Minister of Foreign Affairs
- In office 22 February 1990 – 12 October 1990
- President: Turgut Özal
- Preceded by: Mesut Yılmaz
- Succeeded by: Ahmet Kurtcebe Alptemoçin

Member of the Grand National Assembly
- In office 6 November 1983 – 20 October 1991
- Constituency: Ankara (1983) Mersin (1987)

Personal details
- Born: 28 July 1925 Ankara, Turkey
- Died: 30 September 2020 (aged 95) Ankara, Turkey
- Resting place: Karşıyaka Cemetery
- Party: Nationalist Democracy Party (1983-1986) ANAP (1986-1991)
- Children: Ahmet Bozer
- Education: Ankara University (LLB) Neuchâtel University (PhD)
- Profession: Politician

= Ali Bozer =

Turkish politician (1925–2020)

Ali Hüsrev Bozer (28 July 1925 – 30 September 2020) was a Turkish politician and academic of commercial law.

==Biography==
Bozer was born in Ankara, Turkey.

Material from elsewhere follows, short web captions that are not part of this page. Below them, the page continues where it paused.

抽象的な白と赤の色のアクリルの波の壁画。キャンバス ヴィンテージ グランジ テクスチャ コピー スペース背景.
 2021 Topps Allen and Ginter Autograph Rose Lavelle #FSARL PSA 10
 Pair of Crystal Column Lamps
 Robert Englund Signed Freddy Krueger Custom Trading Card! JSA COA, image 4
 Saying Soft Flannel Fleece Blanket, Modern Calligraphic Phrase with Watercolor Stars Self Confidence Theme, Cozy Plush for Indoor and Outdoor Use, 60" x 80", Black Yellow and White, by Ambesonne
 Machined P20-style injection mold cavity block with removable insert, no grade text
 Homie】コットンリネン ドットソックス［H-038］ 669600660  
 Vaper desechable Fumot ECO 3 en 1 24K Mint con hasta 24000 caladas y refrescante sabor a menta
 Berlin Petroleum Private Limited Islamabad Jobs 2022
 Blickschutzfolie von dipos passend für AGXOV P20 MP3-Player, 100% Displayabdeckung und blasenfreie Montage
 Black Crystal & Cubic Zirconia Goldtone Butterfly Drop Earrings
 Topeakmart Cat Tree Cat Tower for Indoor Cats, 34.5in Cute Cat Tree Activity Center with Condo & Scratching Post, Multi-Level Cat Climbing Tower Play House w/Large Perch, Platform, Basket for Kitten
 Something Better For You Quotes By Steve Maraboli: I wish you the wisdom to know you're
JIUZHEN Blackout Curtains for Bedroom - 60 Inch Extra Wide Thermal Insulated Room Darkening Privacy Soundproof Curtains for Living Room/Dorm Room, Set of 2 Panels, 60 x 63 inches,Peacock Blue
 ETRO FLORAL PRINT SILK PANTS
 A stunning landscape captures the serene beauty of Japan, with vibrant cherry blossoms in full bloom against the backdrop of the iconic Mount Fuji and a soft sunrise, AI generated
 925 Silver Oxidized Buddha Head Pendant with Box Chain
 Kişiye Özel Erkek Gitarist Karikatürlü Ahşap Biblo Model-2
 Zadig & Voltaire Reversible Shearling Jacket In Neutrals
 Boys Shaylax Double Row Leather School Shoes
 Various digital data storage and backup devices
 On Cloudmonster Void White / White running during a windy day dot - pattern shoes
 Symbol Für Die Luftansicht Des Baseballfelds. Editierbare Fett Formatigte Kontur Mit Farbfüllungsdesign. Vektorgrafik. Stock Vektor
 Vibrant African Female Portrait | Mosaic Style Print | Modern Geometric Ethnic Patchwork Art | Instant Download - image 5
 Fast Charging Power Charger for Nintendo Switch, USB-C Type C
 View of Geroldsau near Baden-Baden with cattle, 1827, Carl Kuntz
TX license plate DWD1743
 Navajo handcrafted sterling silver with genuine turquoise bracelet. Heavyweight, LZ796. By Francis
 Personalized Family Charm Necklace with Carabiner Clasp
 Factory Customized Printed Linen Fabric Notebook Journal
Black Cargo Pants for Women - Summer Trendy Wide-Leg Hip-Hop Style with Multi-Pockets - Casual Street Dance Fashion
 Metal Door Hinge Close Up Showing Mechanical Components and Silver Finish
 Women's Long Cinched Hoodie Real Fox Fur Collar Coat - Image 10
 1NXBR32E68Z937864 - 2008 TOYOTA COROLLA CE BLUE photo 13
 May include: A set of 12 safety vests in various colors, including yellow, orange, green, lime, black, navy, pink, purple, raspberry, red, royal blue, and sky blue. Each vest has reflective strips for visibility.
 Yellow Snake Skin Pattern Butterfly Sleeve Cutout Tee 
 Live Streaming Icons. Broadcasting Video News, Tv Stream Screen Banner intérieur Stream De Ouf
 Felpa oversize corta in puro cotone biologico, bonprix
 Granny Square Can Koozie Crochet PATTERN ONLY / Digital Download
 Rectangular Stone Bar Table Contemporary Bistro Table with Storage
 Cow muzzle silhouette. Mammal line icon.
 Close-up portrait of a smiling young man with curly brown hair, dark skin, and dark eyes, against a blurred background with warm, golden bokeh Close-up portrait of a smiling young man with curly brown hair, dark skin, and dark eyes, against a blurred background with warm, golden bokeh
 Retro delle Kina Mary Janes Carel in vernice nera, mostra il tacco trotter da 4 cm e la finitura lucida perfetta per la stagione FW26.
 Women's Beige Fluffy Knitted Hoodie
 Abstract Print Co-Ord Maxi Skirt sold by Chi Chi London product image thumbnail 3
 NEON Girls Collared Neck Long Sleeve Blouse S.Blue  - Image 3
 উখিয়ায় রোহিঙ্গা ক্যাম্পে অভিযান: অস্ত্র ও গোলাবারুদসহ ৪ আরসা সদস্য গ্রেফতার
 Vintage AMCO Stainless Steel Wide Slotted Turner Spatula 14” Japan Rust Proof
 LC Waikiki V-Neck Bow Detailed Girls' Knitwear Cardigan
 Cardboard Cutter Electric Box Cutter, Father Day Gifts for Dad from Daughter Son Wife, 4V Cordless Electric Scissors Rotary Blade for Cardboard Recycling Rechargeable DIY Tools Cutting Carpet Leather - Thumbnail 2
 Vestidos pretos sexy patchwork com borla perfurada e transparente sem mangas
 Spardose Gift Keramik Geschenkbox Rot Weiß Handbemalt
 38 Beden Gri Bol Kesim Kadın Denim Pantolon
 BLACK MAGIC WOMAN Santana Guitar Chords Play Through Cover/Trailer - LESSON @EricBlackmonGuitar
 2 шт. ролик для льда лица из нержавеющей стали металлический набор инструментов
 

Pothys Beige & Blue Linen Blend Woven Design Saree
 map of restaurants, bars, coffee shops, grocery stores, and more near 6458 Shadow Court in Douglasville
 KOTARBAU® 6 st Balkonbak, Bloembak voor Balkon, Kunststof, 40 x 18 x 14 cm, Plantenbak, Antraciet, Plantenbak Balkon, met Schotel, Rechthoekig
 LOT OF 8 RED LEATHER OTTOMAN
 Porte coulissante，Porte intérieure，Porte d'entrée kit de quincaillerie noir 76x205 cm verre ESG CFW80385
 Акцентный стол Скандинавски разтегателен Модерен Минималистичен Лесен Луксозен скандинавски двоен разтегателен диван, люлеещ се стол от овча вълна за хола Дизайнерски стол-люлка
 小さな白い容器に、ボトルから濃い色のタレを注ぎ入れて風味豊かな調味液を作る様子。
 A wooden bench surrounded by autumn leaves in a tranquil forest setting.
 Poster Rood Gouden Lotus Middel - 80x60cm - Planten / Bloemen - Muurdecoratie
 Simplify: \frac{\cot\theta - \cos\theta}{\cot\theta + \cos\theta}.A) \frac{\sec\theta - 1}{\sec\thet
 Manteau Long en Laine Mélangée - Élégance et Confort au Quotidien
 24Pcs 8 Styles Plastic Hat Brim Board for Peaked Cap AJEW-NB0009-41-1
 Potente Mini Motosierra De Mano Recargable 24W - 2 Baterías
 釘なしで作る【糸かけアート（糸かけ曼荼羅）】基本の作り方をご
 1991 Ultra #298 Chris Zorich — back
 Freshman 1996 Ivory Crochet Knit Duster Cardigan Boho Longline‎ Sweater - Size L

At first a member of the Nationalist Democracy Party (MDP), then of the Motherland Party (ANAP), he served as Deputy Prime Minister in the Turgut Özal's and Yıldırım Akbulut's cabinets and was Minister of Foreign Affairs. He was one of the founders of Oyak-Renault, automotive company in Turkey (1969) and served as chairman of the board of Oyak-Renault from 1991 to 1995.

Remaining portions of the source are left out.